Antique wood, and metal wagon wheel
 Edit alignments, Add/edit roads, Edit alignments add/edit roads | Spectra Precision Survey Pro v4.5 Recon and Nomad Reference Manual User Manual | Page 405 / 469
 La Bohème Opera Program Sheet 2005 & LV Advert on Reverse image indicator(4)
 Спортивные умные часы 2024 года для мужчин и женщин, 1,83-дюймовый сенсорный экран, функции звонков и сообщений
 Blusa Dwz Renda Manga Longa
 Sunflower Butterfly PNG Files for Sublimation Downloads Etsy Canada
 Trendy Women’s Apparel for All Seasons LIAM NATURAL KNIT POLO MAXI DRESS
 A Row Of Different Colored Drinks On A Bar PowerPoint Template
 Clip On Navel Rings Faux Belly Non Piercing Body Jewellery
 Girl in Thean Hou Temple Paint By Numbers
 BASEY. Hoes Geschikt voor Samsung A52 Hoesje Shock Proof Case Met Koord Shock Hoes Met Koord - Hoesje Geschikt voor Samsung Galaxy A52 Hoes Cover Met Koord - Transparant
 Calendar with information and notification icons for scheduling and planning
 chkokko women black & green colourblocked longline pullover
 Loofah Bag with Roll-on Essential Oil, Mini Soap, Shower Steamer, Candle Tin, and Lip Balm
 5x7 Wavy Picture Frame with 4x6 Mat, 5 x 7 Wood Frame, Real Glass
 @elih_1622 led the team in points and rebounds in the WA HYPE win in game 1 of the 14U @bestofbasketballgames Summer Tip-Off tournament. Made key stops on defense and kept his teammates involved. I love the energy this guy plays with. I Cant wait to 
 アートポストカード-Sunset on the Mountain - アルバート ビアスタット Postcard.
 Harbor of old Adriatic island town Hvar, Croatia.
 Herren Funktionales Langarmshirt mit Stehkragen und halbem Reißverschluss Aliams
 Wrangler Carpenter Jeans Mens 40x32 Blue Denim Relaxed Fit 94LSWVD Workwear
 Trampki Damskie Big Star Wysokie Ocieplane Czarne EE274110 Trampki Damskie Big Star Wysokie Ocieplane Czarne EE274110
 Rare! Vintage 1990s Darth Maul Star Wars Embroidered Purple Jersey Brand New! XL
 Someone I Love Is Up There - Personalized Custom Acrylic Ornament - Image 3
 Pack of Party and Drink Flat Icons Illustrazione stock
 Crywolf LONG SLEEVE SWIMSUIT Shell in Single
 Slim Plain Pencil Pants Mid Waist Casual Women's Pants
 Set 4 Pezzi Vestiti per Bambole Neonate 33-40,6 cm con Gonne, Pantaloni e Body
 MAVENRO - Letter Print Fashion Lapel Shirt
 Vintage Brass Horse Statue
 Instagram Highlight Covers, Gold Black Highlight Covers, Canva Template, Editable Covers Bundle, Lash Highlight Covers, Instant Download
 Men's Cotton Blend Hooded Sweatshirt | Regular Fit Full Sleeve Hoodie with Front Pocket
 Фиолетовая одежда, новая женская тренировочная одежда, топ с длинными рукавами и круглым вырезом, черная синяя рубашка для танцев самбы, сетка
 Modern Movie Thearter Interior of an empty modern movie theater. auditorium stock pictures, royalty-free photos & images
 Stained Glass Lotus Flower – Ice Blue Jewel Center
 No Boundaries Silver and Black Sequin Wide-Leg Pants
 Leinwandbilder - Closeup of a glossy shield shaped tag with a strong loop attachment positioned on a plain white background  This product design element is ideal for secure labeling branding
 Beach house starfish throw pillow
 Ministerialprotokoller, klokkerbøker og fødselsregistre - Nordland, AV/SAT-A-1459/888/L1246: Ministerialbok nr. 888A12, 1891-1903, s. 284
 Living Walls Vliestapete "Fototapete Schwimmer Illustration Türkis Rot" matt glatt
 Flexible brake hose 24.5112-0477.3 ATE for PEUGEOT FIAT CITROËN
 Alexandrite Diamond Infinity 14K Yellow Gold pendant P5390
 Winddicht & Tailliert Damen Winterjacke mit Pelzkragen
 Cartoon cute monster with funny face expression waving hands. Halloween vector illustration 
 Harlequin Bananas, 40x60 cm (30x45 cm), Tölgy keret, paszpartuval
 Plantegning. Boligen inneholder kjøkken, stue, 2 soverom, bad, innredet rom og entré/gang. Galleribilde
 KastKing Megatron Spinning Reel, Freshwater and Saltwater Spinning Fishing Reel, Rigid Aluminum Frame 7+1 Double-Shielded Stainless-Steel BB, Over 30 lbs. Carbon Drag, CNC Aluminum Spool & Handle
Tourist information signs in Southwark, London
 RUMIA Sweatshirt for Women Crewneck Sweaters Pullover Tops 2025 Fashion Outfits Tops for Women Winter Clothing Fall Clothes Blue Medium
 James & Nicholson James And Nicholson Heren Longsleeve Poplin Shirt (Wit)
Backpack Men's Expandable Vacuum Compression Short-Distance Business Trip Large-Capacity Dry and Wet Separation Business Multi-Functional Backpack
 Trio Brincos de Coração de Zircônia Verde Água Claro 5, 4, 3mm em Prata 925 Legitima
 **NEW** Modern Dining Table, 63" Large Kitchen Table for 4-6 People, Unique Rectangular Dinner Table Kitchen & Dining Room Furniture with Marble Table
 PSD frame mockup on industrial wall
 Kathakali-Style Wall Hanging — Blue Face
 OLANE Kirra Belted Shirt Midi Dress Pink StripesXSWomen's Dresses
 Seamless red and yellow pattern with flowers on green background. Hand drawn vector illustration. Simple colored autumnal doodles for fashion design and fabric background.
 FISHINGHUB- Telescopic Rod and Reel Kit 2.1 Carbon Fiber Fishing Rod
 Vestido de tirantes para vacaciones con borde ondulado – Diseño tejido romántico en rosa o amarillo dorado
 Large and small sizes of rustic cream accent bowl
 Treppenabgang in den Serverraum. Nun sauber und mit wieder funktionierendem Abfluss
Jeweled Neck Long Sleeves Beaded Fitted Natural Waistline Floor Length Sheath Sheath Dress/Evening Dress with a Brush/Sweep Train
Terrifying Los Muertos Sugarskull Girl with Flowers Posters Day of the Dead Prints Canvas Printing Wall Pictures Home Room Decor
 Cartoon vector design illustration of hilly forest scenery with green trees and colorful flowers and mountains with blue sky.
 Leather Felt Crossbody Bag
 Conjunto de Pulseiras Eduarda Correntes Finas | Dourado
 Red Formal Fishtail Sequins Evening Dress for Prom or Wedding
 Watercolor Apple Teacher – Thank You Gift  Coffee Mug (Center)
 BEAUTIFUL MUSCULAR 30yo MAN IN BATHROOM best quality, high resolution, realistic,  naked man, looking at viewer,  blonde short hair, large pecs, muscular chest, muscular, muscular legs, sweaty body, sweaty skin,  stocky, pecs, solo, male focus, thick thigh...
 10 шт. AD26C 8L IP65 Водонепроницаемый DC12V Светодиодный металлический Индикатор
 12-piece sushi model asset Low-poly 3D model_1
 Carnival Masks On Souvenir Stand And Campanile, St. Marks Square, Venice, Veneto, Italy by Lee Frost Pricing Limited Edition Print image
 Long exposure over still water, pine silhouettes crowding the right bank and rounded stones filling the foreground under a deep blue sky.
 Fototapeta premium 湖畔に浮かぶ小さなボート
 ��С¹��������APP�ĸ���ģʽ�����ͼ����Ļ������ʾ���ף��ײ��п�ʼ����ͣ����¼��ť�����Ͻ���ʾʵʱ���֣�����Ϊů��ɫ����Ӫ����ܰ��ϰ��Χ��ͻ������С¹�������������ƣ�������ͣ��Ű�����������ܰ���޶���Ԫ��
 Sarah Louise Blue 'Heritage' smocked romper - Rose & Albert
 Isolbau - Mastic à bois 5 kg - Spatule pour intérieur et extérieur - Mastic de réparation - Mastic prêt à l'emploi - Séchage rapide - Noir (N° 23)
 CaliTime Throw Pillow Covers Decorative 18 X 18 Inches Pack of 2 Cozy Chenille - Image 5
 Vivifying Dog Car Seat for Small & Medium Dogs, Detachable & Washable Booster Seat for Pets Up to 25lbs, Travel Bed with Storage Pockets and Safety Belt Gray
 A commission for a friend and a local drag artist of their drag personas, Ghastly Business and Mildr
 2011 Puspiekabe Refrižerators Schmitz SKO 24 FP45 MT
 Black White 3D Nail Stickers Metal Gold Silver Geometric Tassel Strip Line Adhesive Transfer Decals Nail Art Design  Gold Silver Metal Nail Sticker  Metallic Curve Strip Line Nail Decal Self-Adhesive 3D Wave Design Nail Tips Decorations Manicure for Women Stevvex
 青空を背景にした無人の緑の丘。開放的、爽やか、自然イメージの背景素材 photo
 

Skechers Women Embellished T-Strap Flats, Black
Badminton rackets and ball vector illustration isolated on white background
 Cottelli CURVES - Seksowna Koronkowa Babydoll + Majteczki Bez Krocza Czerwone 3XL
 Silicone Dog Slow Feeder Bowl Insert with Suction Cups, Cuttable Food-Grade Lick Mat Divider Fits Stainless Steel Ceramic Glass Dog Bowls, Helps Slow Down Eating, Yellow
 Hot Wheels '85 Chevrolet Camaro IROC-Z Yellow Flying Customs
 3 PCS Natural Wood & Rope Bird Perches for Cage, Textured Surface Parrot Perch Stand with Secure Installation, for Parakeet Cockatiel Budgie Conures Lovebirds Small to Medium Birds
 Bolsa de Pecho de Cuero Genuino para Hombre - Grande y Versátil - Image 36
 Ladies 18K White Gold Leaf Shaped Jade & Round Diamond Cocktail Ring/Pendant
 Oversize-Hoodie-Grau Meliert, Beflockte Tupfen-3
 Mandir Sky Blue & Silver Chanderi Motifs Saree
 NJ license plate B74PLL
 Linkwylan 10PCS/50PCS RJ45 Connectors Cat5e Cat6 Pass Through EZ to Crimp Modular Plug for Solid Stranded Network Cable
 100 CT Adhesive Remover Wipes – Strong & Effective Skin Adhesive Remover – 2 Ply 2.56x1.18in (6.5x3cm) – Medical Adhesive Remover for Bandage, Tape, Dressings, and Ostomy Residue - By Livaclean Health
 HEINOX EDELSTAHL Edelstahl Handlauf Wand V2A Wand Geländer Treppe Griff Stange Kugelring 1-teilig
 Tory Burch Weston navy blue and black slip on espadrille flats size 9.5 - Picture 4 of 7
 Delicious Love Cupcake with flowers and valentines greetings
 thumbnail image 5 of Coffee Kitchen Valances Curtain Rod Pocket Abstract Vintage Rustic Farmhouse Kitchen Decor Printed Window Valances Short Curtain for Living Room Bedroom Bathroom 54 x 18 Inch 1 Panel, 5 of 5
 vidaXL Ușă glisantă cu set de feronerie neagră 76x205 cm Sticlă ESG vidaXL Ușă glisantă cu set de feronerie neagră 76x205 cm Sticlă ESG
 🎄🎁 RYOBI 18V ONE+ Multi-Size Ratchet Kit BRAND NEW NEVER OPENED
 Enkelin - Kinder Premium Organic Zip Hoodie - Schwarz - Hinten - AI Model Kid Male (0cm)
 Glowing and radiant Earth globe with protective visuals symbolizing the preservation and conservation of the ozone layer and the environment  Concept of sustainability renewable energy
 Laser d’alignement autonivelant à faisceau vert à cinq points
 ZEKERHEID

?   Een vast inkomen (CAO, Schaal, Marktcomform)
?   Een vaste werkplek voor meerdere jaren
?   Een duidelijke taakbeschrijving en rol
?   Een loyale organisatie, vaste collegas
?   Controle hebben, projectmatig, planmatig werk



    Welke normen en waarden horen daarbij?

━━━━━━━━━━

* [BRIEF]: Taking the records above, retype every line from the one with "Delicious Love Cupcake" down to the one with "Sticlă ESG vidaXL", exactly and with nothing else.

* [SOLUTION BELOW]:
 Delicious Love Cupcake with flowers and valentines greetings
 thumbnail image 5 of Coffee Kitchen Valances Curtain Rod Pocket Abstract Vintage Rustic Farmhouse Kitchen Decor Printed Window Valances Short Curtain for Living Room Bedroom Bathroom 54 x 18 Inch 1 Panel, 5 of 5
 vidaXL Ușă glisantă cu set de feronerie neagră 76x205 cm Sticlă ESG vidaXL Ușă glisantă cu set de feronerie neagră 76x205 cm Sticlă ESG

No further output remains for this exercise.